Although I hear Coastal are pretty 'laid back', every animal has it's limits, and with snakes it's even less than say a blue tongue. 

For age I'd recommend a yearling, just because you can get a better idea of what kind of temperament it will have. 

Hope this helped you out


----------



## Brandon (Aug 9, 2017)

Iguana said:


> Hello,
> A coastal is good but bear in mind they get quite long, IMO, they should really be in a 5ft or 4ft Long by 3ft high tank, that's just my opinion, but I feel a 4ft tank is too small for an adult, especially a female. You can still put a coastal in a 4ft, but bear in mind you may have to upgrade one day. However pretty much any other carpet species will do just fine in a 4ft tank, have you had a look at Bredli pythons? They are like coastal but a little shorter and on the heavier side
> 
> Also, I'm slightly concerned with the 'handling for several hours a day', what for? Sorry to say but a snake really shouldn't be handled that much, they don't 'like' to be handled, rather they tolerate it, some better than others. Over handling a snake can cause a lot of stress, which in turn can make them stop eating or become defensive.
> ...



Thank you very much, yes I was doing a bit of research and I think they are bit to big and I don't really have the space nor money for a tank bigger then that. oh really I was hoping for to just be able to hold it every day I was unaware that it wasn't a good thing for it. and I just had a look and there aren't any around my area. what do you think about a carpet snake?


----------



## pinefamily (Aug 9, 2017)

A Darwin or a Murray Darling are good choices for a python you want to handle. Either would be fine in a 4 ft tank. If you go for a Darwin, try and get an albino; they tend to be calmer in temperament than normal ones IMO.


----------



## Lazreilly (Aug 9, 2017)

Albino darwins are very calm and placid snakes . Also get some awesome colours too


----------



## Snapped (Aug 10, 2017)

Agree with the Albino Darwin and Murray Darling being a good first snake. 

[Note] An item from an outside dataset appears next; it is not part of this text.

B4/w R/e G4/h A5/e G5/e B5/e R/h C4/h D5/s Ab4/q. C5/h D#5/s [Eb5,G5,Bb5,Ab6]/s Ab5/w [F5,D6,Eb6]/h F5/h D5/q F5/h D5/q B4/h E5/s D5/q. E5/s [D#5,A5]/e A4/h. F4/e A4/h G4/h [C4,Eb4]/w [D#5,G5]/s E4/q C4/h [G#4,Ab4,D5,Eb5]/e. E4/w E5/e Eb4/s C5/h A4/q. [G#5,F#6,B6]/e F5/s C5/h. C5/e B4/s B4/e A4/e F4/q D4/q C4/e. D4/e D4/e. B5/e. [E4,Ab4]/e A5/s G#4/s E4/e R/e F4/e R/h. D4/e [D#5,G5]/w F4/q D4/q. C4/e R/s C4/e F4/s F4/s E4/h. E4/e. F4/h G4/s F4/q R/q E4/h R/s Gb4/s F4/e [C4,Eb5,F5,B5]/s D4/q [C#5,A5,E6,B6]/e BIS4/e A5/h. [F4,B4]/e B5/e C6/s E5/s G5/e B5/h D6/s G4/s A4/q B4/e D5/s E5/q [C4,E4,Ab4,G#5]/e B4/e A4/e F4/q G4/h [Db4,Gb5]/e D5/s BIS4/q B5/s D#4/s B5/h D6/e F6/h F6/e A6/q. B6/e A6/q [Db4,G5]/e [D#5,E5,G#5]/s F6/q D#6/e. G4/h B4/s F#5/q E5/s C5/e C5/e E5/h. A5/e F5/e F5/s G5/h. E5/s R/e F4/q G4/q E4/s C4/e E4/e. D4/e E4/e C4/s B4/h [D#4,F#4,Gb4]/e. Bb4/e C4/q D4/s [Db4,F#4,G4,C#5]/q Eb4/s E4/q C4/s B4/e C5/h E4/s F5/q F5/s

I have both, they are both super calm, easy to handle, feed etc etc. My MD was my first snake, I got him when he was an adult, so a decent size around 6 foot. I was as nervous as hell having never handled a snake before, but I researched, let him settle in for 3 weeks before I had the guts to hook him out and hold him. haha...he was such a great first snake, he taught me a lot. He's still a big calm boy, kids can handle him (under supervision) and he's never attempted to strike or bite.

My Albino I got as a hatchy, and even then he was calm and didn't mind being handled, so gentle. Perfect (and stunning to look at) boy who's now much bigger and still as gentle as a lamb.


----------



## Brandon (Aug 10, 2017)

thanks heap everyone but there are not any near me for purchase. So I'm going with a children's carpet python.


----------



## Nero Egernia (Aug 10, 2017)

Brandon said:


> thanks heap everyone but there are not any near me for purchase. So I'm going with a children's carpet python.



What's a Children's Carpet Python?


----------



## Bl69aze (Aug 10, 2017)

He's taking a kids carpet python 

@Brandon no carpet with children's


----------



## MANNING (Aug 10, 2017)

Brandon said:


> .... So I'm going with a children's carpet python.



Scrap the carpet in the middle mate
Children's Python - 
Antaresia Childreni


----------



## MANNING (Aug 10, 2017)

Oshkii said:


> What's a Children's Carpet Python?



Beat me to it


----------



## Brandon (Aug 10, 2017)

oh really haha children's python then


----------